年齢が上がるに連れてさまざまなリスクが高まってきますが、特に多いのが家庭内で発生する事故です。
内閣府が2017年に実施した調査によると、シニア世代の住宅内での事故の発生場所は居室が最も高く45.0%、次いで階段の18.7%、台所・食堂17.0%となっています。

台所・食堂での事故は第3位ですが、火を使う場所なので火災へと繋がる恐れがあり、とても危険です。
自宅での火災で死亡した人の7割以上がシニア世代となっており、台所の火の管理はシニア当事者はもちろんのこと、離れて暮らす子ども世代にとっても心配事項となっています。

台所での事故で特に注意したいのがガスコンロの火の消し忘れや、コンロの火の衣服への燃え移りです。

このような不安があるため、シニア世帯ではガスコンロからIHキッチンへと切り替える人が増えています。

4割が火の不安でIHキッチンに切り替え

調理機器の販売メーカーである東興株式会社が実施した調査によると、シニア世代がIHキッチンに切り替えた理由で最も多かったのが、掃除のしやすさなどの利便性の47.7%、2位が火の使用に対する不安の39.9%と続きました。
また、シニアを親に持つ子ども世代の40.9%が、親の火の使用に対して不安を感じていると回答しています。
いずれの世代も、約4割の人が火元の不安からIHキッチンへの切り替えを検討していることがうかがえます。

IHキッチンは火が出ないので火の消し忘れや、調理中に衣服の袖などへの引火の危険がなく安全に使えるのがメリットです。
スイッチを入れても、金属製の鍋を置かない限り鉄板が熱くならないのでやけどの心配もありません。

参考記事
本当に便利になった?シニアのキッチン事情 IHコンロ切り替えで減少した子ども世代の「火の元の心配」

実際に使うと不便の声も!

実際にIHキッチンに切り替えたシニア世代の感想をみてみましょう。
なんと、IHキッチンに切り替えたシニア世代の約4割が、不便と答えています。

不便と感じる理由で最も多かったのは、調理器具がIHキッチン対応商品しか使えないことの65.7%。
次いで、フライパンを振るとスイッチが切れるの43.3%、火力が低い37.3%と続きました。
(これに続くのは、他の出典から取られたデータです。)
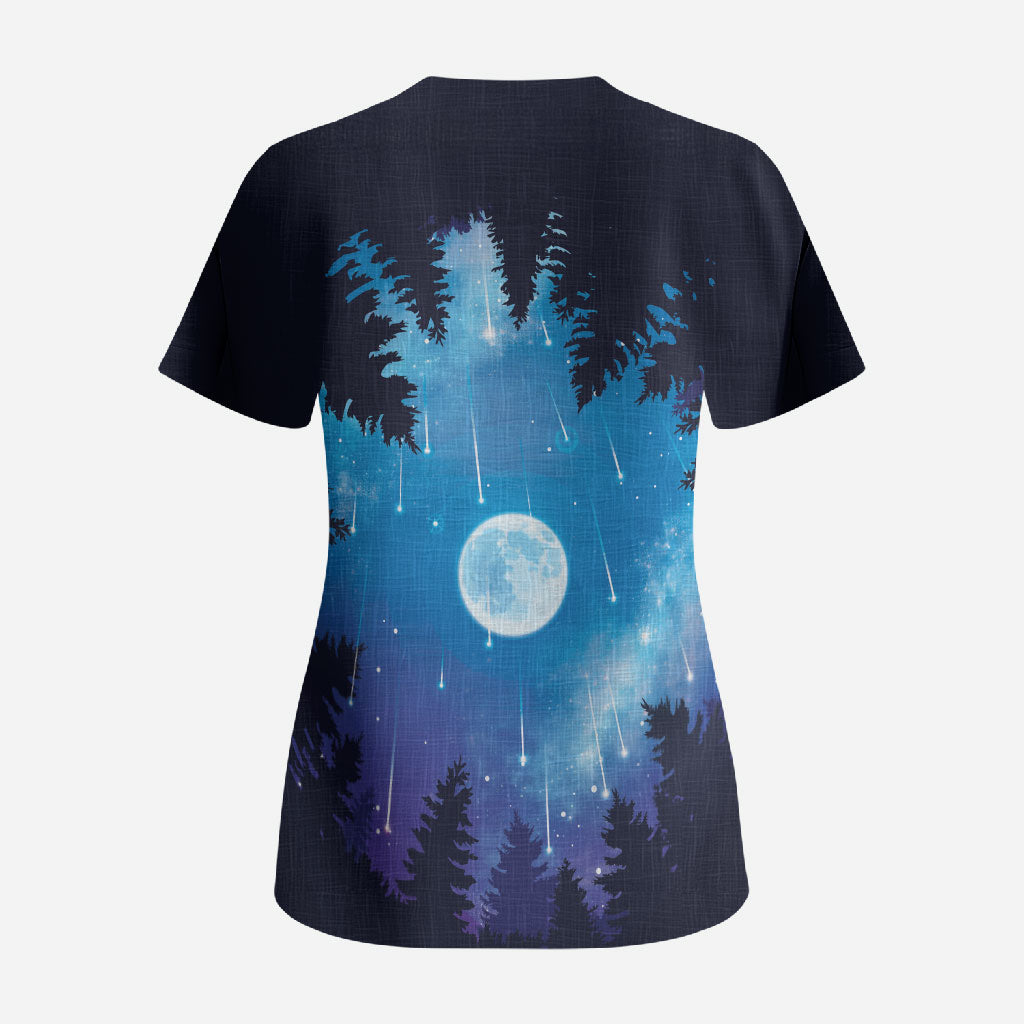 Perseid Meteor Shower Scrub Top Starry Sky Above The Trees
ガスコンロの火力に慣れているシニア世代にとって、IHキッチンは火が出ないため使いづらいと感じる人が多いようです。

アンケートでは、回答者の5人に1人(20.2%)が、ガスコンロに戻したいと答えています。

しかし、使いづらいとはいうものの安全面への信頼度は高く、65%のシニアがこのままIHキッチンを使い続けたいと答えています。

シニア世代にとっては長年使い慣れてきた器具の方が使いやすいのでしょうが、安全性を考えると、やはりIHキッチンに軍配があがりそうです。

最近ではIHキッチンで使える土鍋など調理器具の種類も増えていますし、シニア世代が使いやすいように音声ガイダンスがついたIHキッチンも販売されています。

IHキッチンとガスコンロのメリットとデメリットをよく把握して、より安全で使いやすいものを選びたいですね。